TCGA biolinks recognize already downloaded data? #153

NatashaJorge · 2017-10-03T13:40:52Z

Hello,

I'm a post doc and just started using TCGAbiolinks, it's been really helpful! Many thanks!! :)

I'm currently working with some data already downloaded by a colleague and saved in the same file structure as GDCDownload and GDCprepare. I was wondering, is there is a way of TCGAbiolinks recognize this already downloaded data?

Thanks for your time and attention,
Best wishes!

tiagochst · 2017-10-03T14:23:34Z

Hello,

It would be possible if you have the query object.

GDCquery returns a table with the query results (data category, data type, file id, file, etc, platform, workflow etc...) that is used to prepare the data correctly. Several fields are used; if it is from the legacy archive, data category, data type, platforms, among others. But to find the data it will used the following pattern
Root directory/project/source/data_category/data_type/file_id/file_name

Example: GDCdata/TCGA-GBM/harmonized/DNA_Methylation/Methylation_Beta_Value/079fcaff-3ae6-4150-b2e6-2b7330ffbcd9/jhu-usc.edu_GBM.HumanMethylation450.10.lvl-3.TCGA-19-A6J5-01A-21D-A33U-05.gdc_hg38.txt

Code: https://github.com/BioinformaticsFMRP/TCGAbiolinks/blob/master/R/prepare.R#L90-L94

If you have the query object it should be easy to read the data already downloaded. You would just need to be in the same directory as the root download folder (default is 'GDCdata').

Recreating the query object by hand would need you to know the data and the some of the fields values. I don't believe it is worthy to create it by hand. I would ask the query object he used.

Best regards,
Tiago

NatashaJorge · 2017-10-04T00:53:25Z

Dear Tiago,

Thank you for your reply.

My file structure is exactly as your example, and I have the command line she used to get the query and download the data.

So, what command lines should I use?

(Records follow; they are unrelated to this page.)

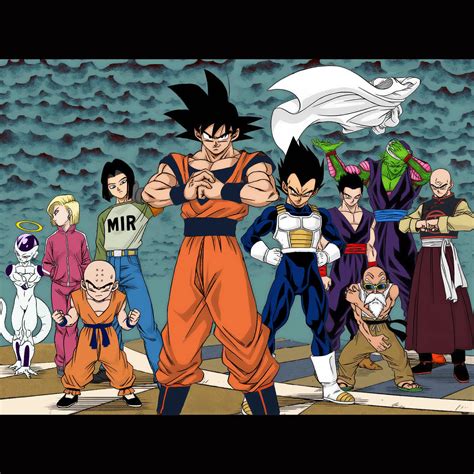The stage is set and the teams are ready. Universe 7 Team - Dragon Ball Super Manga - Chapter 33 Colored : dbz
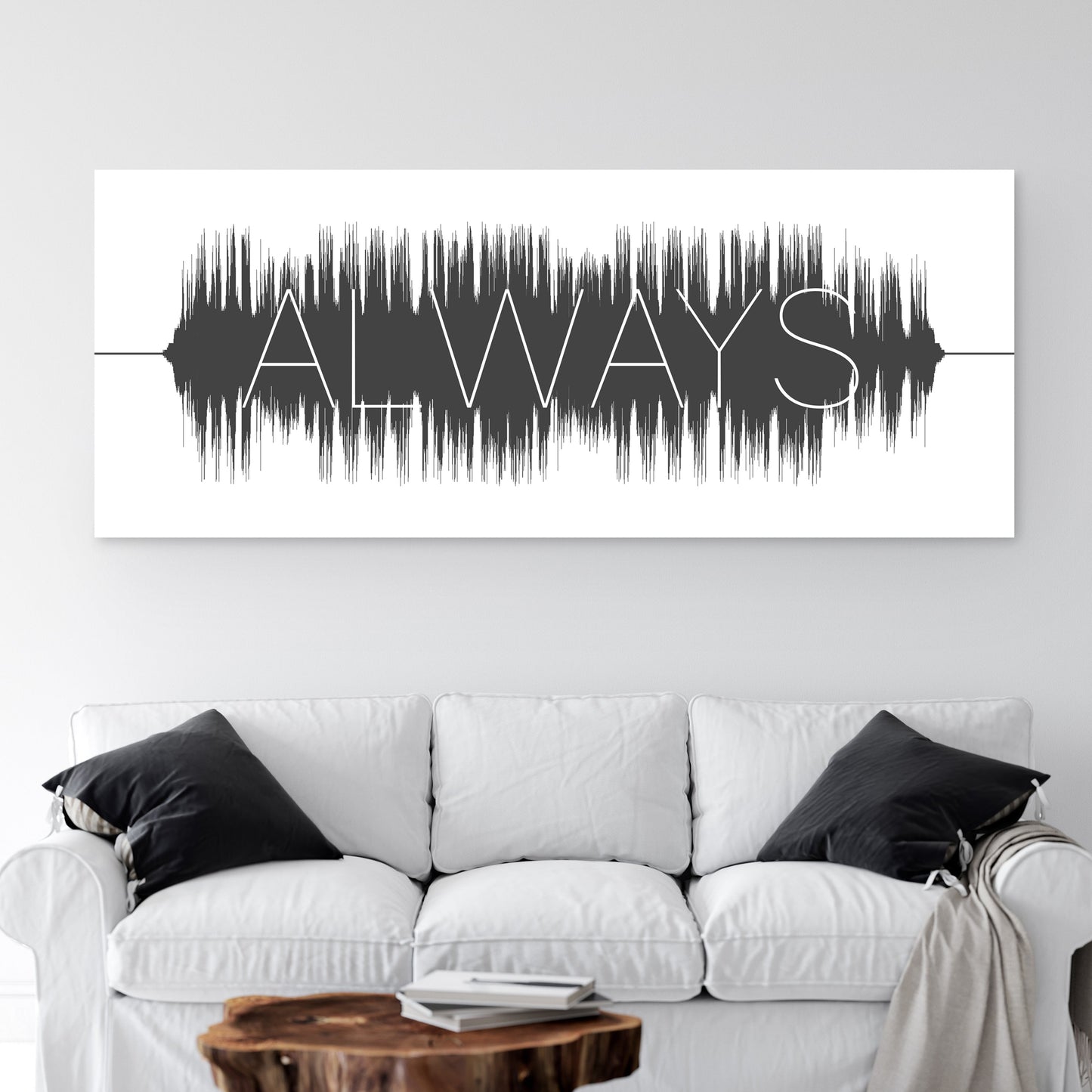 Soundwave Art - Song With Large Text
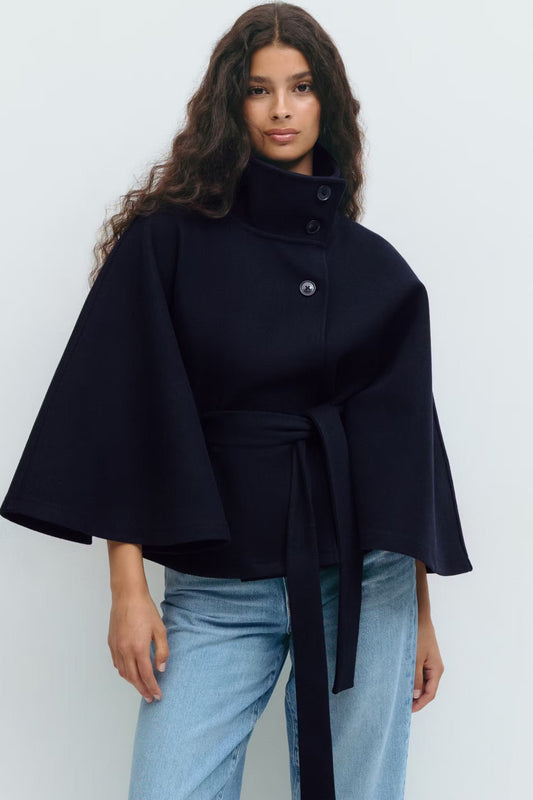 Solenne Cape Coat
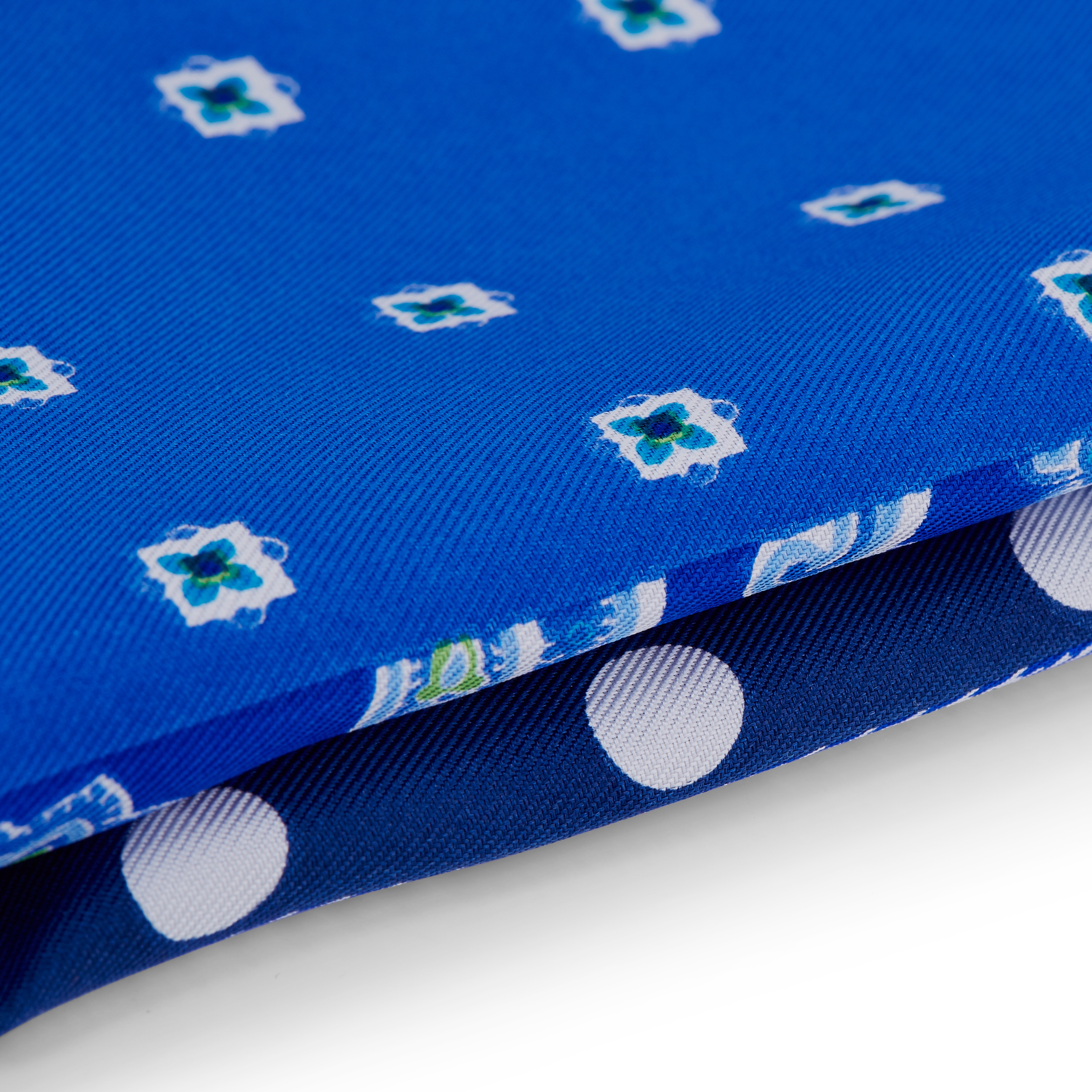 Blauwe Paisley Patchwork Pochet - 2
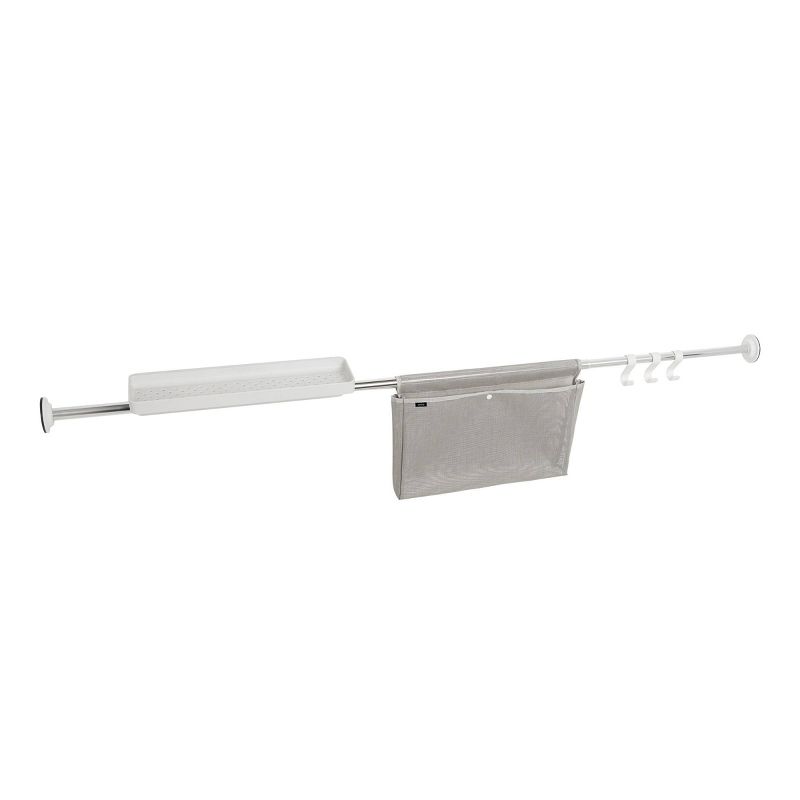 Sure-Lock Storage Tension Rod Chrome - Umbra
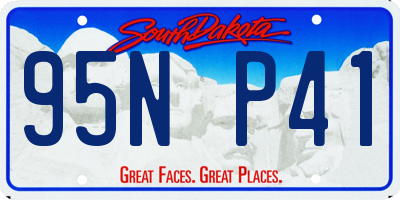 SD license plate 95NP41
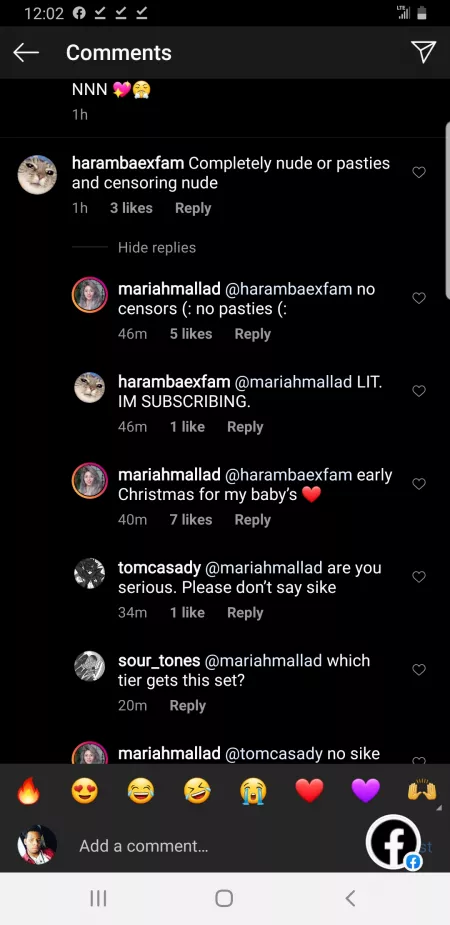 Momokun said this on IG let's pray this is true boys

Just the GDCquery and GDCprepare?

Thanks again,
Best wishes,
Natasha

tiagochst · 2017-10-04T01:01:24Z

You only need to use GDCquery and GDCprepare. But if you use GDCdownload it should say that all samples were already downloaded.

NatashaJorge · 2017-10-17T14:14:11Z

Dear Tiago,

I'm still having problems with TCGAbiolinks recognizing the already downloaded data. I've checked the directory structure and it is the same as the one requested by TCGAbiolinks.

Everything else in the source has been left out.